▶ _DATASET CONTENT_
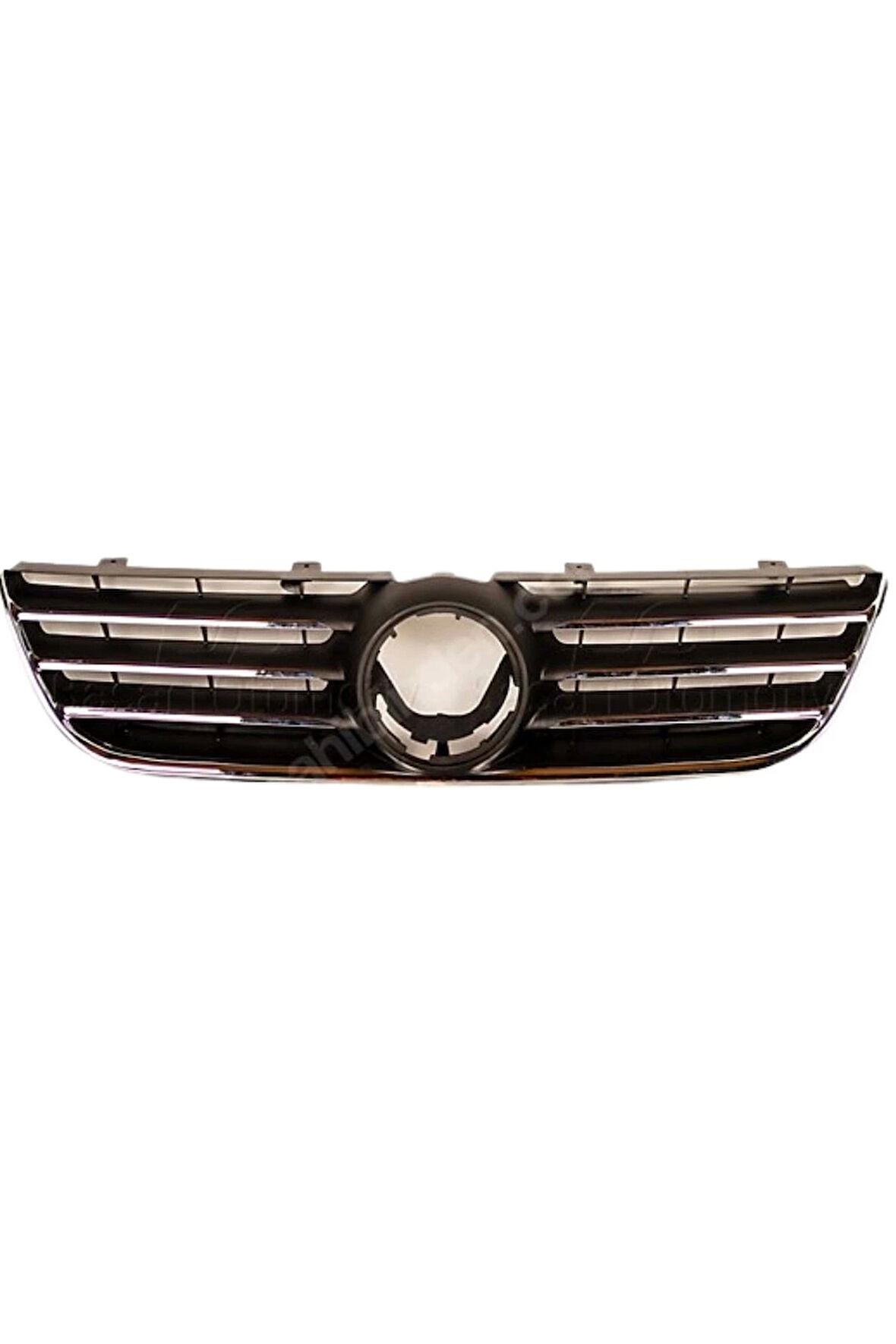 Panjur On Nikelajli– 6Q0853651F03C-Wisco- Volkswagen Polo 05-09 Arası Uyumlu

---

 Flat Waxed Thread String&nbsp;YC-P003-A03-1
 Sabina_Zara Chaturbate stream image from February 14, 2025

...

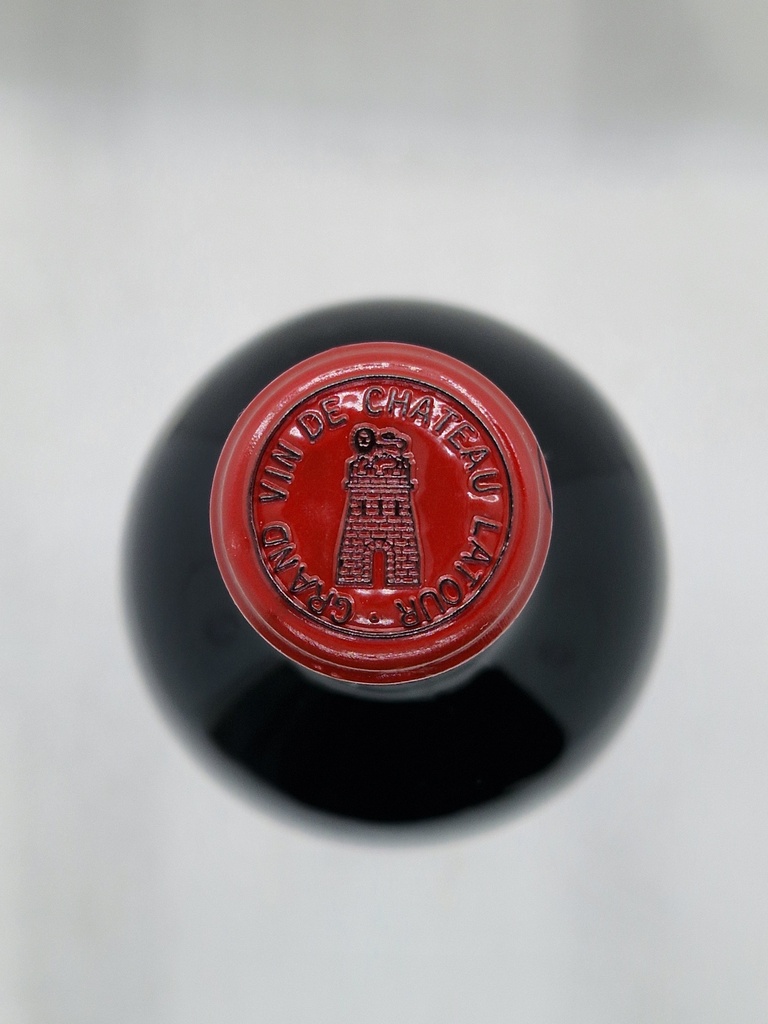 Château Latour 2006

▶ _AIM OF THE TASK_
Using the listing above, copy exactly the line that contains "Flat Waxed Thread String&nbsp;YC-P003-A03-1", the line that contains "Sabina_Zara Chaturbate stream", and each line that falls between them.

▶ _WORKED SOLUTION_
 Flat Waxed Thread String&nbsp;YC-P003-A03-1
 Sabina_Zara Chaturbate stream image from February 14, 2025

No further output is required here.